Pull every line containing "shirt" out of the listing below.

*Task data:*
◇ ◇ ◇ ◇ ◇ ◇ ◇

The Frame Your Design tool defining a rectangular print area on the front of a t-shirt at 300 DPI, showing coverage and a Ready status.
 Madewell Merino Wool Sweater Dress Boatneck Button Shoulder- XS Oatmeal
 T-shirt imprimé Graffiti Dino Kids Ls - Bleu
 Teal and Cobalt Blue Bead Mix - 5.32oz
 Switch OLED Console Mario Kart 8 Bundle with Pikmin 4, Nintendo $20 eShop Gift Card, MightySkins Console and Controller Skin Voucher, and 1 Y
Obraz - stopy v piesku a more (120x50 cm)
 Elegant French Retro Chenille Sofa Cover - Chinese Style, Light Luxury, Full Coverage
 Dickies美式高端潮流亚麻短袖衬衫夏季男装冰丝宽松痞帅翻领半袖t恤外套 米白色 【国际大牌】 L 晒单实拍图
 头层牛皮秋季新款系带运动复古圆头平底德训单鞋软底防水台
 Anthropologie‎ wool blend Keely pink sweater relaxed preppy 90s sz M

◇ ◇ ◇ ◇ ◇ ◇ ◇

*Response area:*
The Frame Your Design tool defining a rectangular print area on the front of a t-shirt at 300 DPI, showing coverage and a Ready status.
 T-shirt imprimé Graffiti Dino Kids Ls - Bleu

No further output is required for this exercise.